You can monitor the situation without being obtrusive. Here’s how:

  • Keep your eyes and ears open. You don’t have to hold a drinking glass against the wall to catch your employees’ private conversations — you aren’t a spy, and you shouldn’t act like one. Instead, watch how your employees interact with each other and listen carefully to their language. If tension still exists, it’ll stand out — and that’s your cue that additional coaching or mediated conversations are necessary.

  • Look at the quantity and quality of work being done. One indication that previously feuding co-workers are back on track is an increase in the amount and value of work they now generate and a decrease in errors. As an employee becomes less distracted by conflict, you’ll notice a tangible improvement in his work because he’s more focused on the tasks at hand.

  • When you’re in a one-on-one situation with an employee, ask him how things are going.
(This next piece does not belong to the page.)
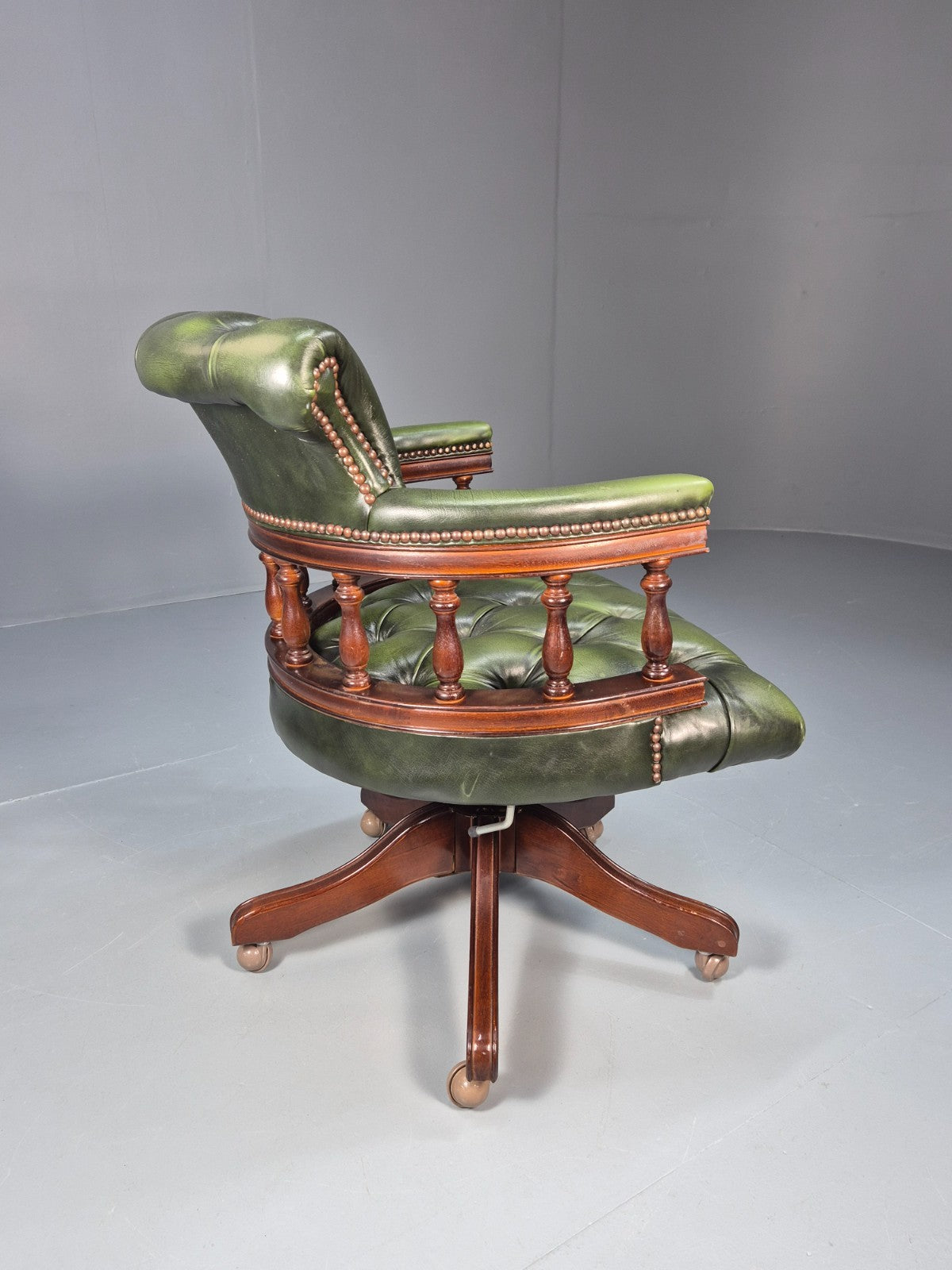 Captains Office Chair Green Leather Swivel and Tilt 1980s Retro EB10611 MSWI6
This question is a quick, unassuming one that opens the door for a more in-depth conversation. If he gives you a one-word answer, like, “Fine,” continue to ask open-ended questions such as, “I’m curious how you think the agreements are shaping up — can you tell me about that?” or “How do you think your colleague would describe your working relationship since the meeting?”

  • Check for a reduction in sick leave and absenteeism as your staff settles back into routines. If you notice that an employee is still calling in sick or missing in action, that’s a good indicator that he isn’t completely satisfied with the outcome of the meeting. Check in to see where the sticking points are and find out whether he’s willing to keep working on finding a solution. If not, you may need to consider corrective action.

  • If you have a system in place that allows employees to give feedback, check to see if any new information has come in. Address negative comments or lingering concerns either with the individual specifically or with the whole group. Make sure to handle the comment constructively by maintaining a positive outlook and working to solve the problem.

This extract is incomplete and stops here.